Whether work is causing the issue or aggravating it, employers have a legal responsibility to protect their employees from stress at work by doing a risk assessment and acting on it
Why do I need to do a Mental Health Risk Assessment?
It is estimated that one in four of us will have a mental health issue this year. Different people respond in different ways to the pressures in their life, and the causes can be work-related, home-related, or a combination of the two. A CIPD survey in 2016 found that more than half of the people reporting poor mental health said that it was due to a combination of work and non-work issues, whilst 37% said it was solely due to personal issues outside of work, and only 7% said it was the result of work alone.
Whether work is causing the health issue or aggravating it, employers have a legal responsibility to protect their employees from stress at work by doing a risk assessment and acting on it
What is a Mental Health Risk Assessment?
A risk assessment is a structured way of identifying the hazards to mental and physical health in the working environment, identifying who might be harmed and how, and identifying measures that can be taken, so far as reasonably practicable, to reduce the likelihood and severity of that harm.

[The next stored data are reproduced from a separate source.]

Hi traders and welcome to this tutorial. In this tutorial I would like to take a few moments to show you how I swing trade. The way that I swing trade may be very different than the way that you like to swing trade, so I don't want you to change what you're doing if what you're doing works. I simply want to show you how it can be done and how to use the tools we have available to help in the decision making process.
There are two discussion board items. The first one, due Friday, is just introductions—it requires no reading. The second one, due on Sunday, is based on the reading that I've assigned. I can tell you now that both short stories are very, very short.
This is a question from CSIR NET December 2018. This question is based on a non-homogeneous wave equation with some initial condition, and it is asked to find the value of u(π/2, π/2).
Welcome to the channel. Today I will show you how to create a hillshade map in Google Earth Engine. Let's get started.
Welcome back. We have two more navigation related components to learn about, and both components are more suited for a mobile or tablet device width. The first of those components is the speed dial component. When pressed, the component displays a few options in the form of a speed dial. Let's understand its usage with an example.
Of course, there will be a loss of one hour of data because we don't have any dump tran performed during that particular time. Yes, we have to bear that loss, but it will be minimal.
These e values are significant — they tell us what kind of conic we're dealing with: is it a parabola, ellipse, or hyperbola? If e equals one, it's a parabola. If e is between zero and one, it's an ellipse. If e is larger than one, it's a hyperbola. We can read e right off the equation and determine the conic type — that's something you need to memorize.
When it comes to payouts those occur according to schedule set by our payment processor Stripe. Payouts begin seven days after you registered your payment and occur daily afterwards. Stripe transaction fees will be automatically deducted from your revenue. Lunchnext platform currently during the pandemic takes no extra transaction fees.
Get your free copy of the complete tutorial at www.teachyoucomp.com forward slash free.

How do I carry out a Mental Health Risk Assessment?
If you employ fewer than 5 people, you don’t have to write the details of the risk assessment down, but it does make it easier to review the risk assessment later. If you employ more than 5 people, you have a legal obligation to document the risk assessment, and there is a template mental health risk assessment on the HSE website.

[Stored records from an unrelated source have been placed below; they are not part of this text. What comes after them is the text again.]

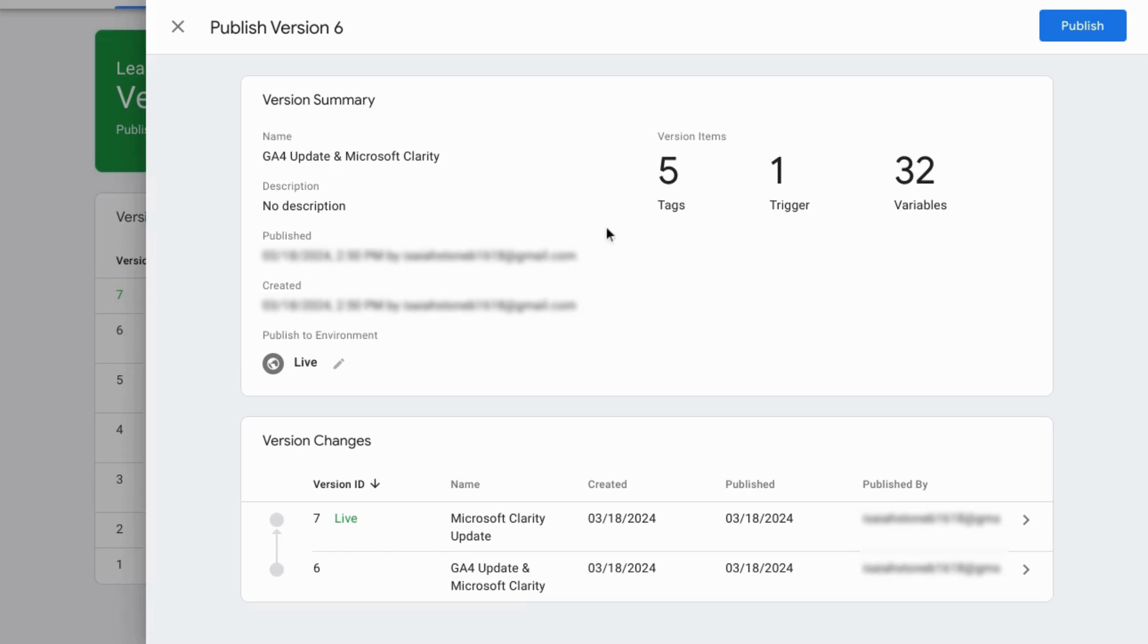Google Tag Manager gives you a summary of the container version and then you can click Publish in the top right corner.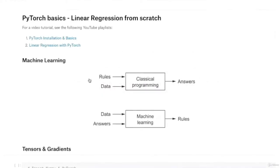In classical software development, we start with a lot of rules or programs, write them using programming languages, provide some input, and these programs process the input and give us some answers. That is how most software is implemented today. But in machine learning, it's a slightly different approach.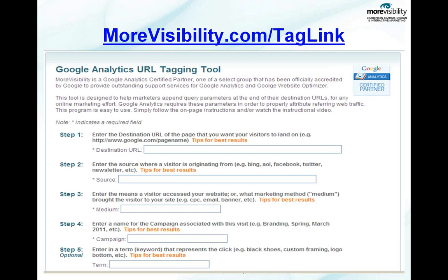If you're doing email marketing and you're not tagging your links, you're going to see referrals from mail.yahoo.net rather than your newsletter campaign. So it's very important that you tag your links.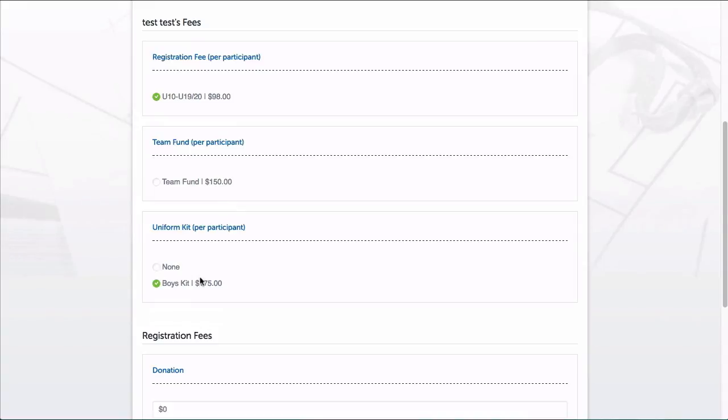Then on my next fee, you can see I have two options because if you remember, I set up a $0 option under None and then there were Boys and Girls kits that were based on the participant's gender. So the form is matching up the gender entered and displaying the fields to the registrants that apply to them to keep things simple and easy.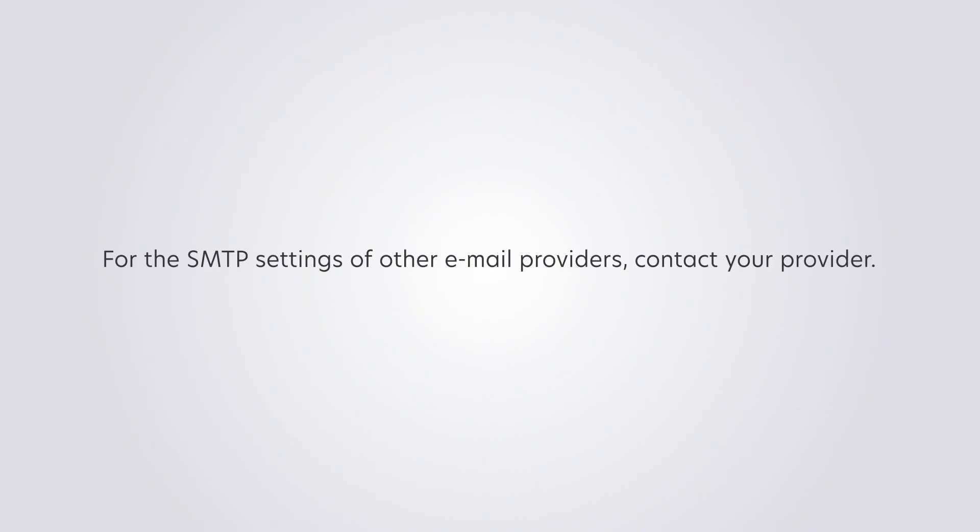For the SMTP settings of other email providers, contact your provider.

The HSE Management Standards provide a framework for simplifying risk assessments for work-related stress.
The six elements are:
- Demands– this includes issues such as workload, work patterns and the work environment
- Control– how much say the person has in the way they do their work
- Support – this includes the encouragement, sponsorship and resources provided by the organisation, line management and colleagues
- Relationships – this includes promoting positive working to avoid conflict and dealing with unacceptable behaviour
- Roles– whether people understand their role within the organisation and whether the organisation ensures that they do not have conflicting roles
- Change– how organisational change (large or small) is managed and communicated in the organisation
Against each element, you should identify who could be harmed, including special classes of employees such as new employees, young people, new and expectant mothers, or disabled people.
Next, you identify what you are already doing to protect people from harm against each of the six elements.
Next, you identify what further action you need to take to reduce the risk, so far as reasonably practicable.
Finally, you agree who will take responsibility for making sure the actions are carried out, and by when, and record when they have been done.
Your risk assessment should be reviewed if an employee experiences an episode of mental ill-health, and whenever there are any significant changes in the business.
What do I do with the Mental Health Risk Assessment?
There is no point in carrying out this work if the Risk Assessment is going to sit in a cupboard, never to see the light of day.
Leaders and employees need to be informed of the results of the risk assessment – they may have valuable input to add to it – and of the action that they need to take to protect themselves and others from harm.
By carrying out the risk assessment, and communicating it to your team, you are demonstrating to them that you care about their health and well-being, and this will lead to more engaged and productive employees.
The good news is that people with a mental health problem can, and do, get better. Positively managing mental health well-being can lead to improvements in morale, productivity, and loyalty, and enhance the company’s brand.